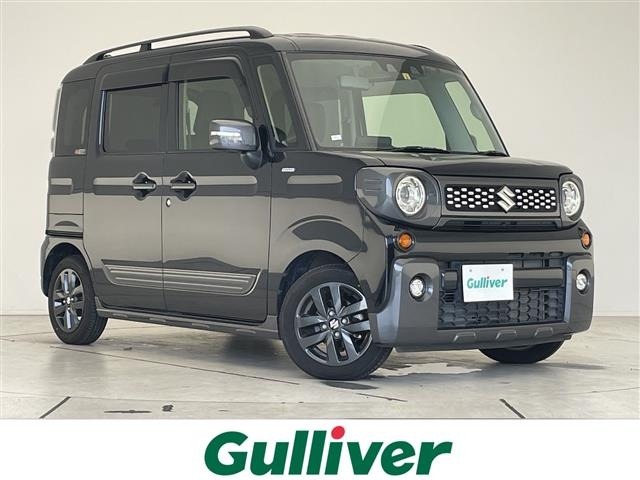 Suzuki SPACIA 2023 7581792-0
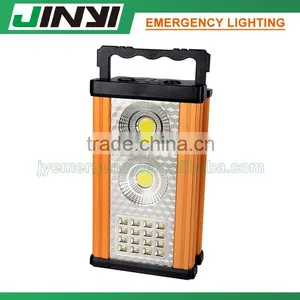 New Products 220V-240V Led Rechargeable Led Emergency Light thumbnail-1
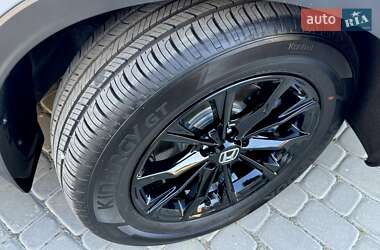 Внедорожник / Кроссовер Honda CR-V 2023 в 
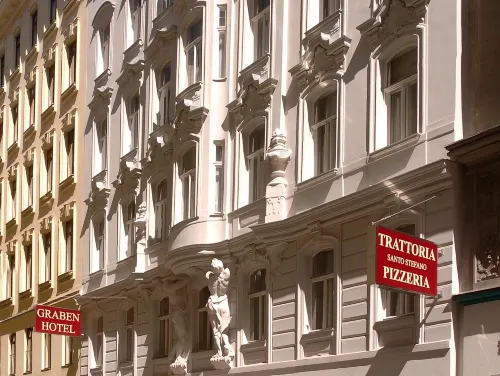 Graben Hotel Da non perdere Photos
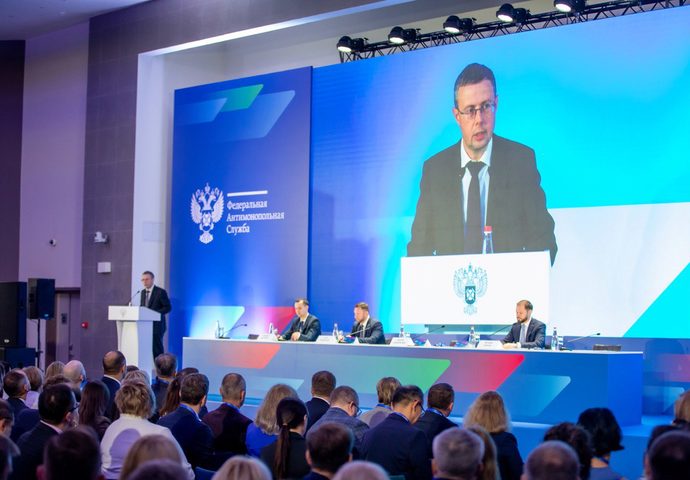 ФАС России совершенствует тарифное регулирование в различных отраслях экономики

**What is needed**.
All of the data above is to be repeated exactly, with the pictures left out.

**Exercise result**.
 Suzuki SPACIA 2023 7581792-0
 New Products 220V-240V Led Rechargeable Led Emergency Light thumbnail-1
 Внедорожник / Кроссовер Honda CR-V 2023 в 
 Graben Hotel Da non perdere Photos
 ФАС России совершенствует тарифное регулирование в различных отраслях экономики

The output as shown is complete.